A bordo do navio encontravam-se diversos estarrejenses, entre tripulação e passageiros. Mas o mais curioso é o contar-se entre os 24 homens que tomaram o Santa Maria o nome de um salreense, Camilo Tavares Mortágua, então um jovem de 27 anos. Henrique Galvão refere-se de forma elogiosa a Camilo Mortágua nos seus livros “O Assalto ao Santa Maria” e “Da minha luta contra o salazarismo e o comunismo em Portugal”. Aliás, dos 24 companheiros destaca 8, incluindo ele próprio e o “Comando” que passou a infância em Salreu.

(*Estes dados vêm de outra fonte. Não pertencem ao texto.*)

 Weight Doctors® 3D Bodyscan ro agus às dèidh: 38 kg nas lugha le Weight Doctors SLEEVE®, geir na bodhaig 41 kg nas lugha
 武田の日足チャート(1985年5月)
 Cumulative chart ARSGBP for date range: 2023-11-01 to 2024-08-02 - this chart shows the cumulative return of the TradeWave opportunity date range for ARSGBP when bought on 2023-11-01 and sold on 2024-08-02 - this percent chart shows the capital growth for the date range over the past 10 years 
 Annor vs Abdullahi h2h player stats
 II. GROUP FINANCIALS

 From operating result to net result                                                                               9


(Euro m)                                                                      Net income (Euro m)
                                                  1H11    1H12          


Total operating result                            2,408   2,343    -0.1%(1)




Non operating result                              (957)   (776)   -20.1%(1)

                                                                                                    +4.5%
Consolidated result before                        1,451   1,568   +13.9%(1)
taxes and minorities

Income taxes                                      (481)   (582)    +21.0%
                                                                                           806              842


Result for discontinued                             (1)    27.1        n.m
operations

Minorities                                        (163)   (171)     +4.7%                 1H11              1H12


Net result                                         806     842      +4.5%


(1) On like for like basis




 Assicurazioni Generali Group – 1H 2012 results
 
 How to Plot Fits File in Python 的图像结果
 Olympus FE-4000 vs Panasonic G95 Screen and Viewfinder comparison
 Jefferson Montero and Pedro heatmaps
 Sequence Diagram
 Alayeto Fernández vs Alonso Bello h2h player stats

UM ASSALTO QUE FICOU NA HISTÓRIA

Dos 24 homens mal armados nem todos eram portugueses. Estavam sob as ordens Henrique Galvão, militar dissidente do regime português que fora deputado, entre outros cargos. Escrevera já diversos livros, nos quais se destaca o seu conhecimento da África portuguesa, e encontrava-se exilado na Venezuela desde 1959, depois de ter estado preso em Portugal. O seu livro «O assalto ao Santa Maria» é dedicado a 10 companheiros, entre eles Camilo Tavares, o mesmo Mortágua a quem chama de “Comando” (p. 171).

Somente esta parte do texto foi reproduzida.